## TO DO
Collect from the data below each line with "Image".

## SUPPLIED MATERIAL
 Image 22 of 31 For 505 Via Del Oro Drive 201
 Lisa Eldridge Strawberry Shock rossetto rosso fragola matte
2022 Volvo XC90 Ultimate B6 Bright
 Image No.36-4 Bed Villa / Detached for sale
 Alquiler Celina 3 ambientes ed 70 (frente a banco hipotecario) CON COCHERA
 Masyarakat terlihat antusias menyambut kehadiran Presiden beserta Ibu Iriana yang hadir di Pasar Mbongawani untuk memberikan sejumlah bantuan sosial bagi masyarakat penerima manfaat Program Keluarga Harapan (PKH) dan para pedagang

==

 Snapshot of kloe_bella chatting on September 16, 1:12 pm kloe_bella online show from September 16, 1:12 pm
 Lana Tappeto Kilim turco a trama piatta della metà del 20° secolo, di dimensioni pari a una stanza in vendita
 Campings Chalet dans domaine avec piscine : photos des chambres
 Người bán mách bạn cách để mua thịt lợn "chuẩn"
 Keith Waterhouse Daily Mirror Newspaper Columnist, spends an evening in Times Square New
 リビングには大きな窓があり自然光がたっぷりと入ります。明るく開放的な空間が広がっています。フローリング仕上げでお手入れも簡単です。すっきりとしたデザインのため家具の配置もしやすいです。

* * *

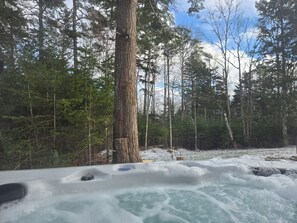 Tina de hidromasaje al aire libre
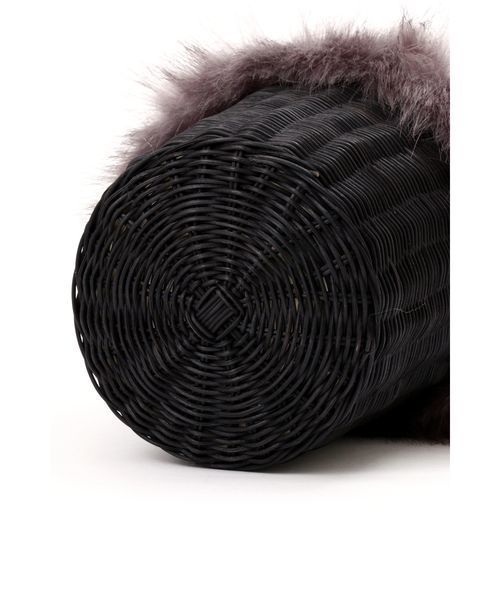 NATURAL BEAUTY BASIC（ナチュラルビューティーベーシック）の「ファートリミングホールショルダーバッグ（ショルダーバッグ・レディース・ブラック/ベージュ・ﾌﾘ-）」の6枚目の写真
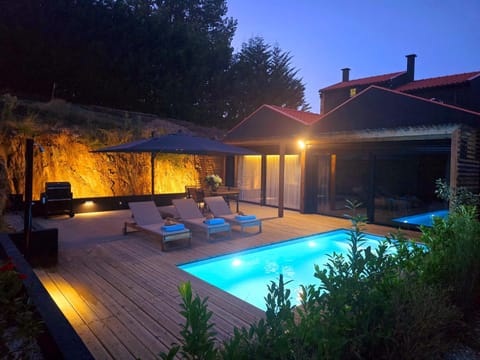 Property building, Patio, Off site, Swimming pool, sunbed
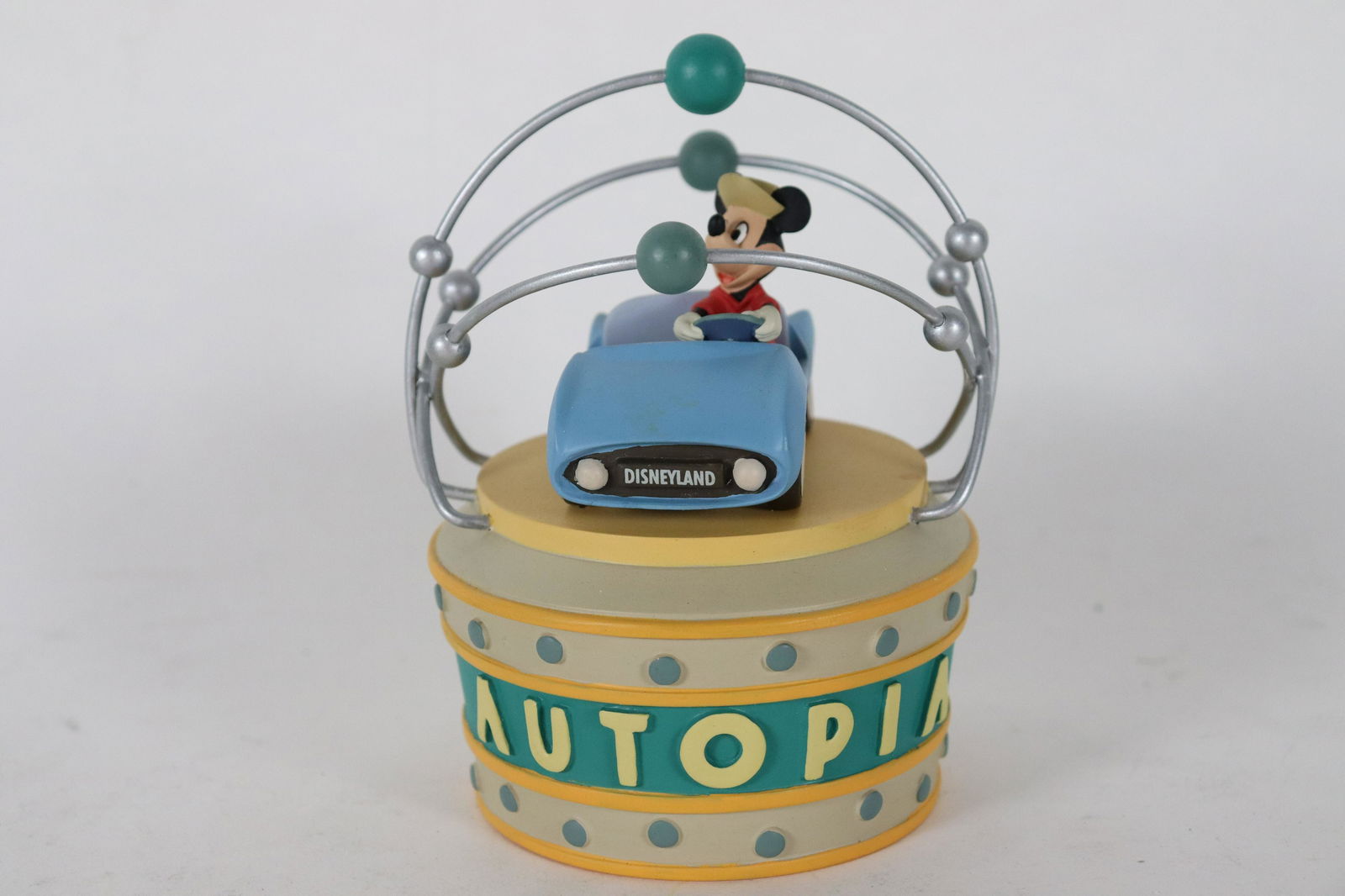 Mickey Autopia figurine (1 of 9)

## EXERCISE OUTPUT
 Image 22 of 31 For 505 Via Del Oro Drive 201
 Image No.36-4 Bed Villa / Detached for sale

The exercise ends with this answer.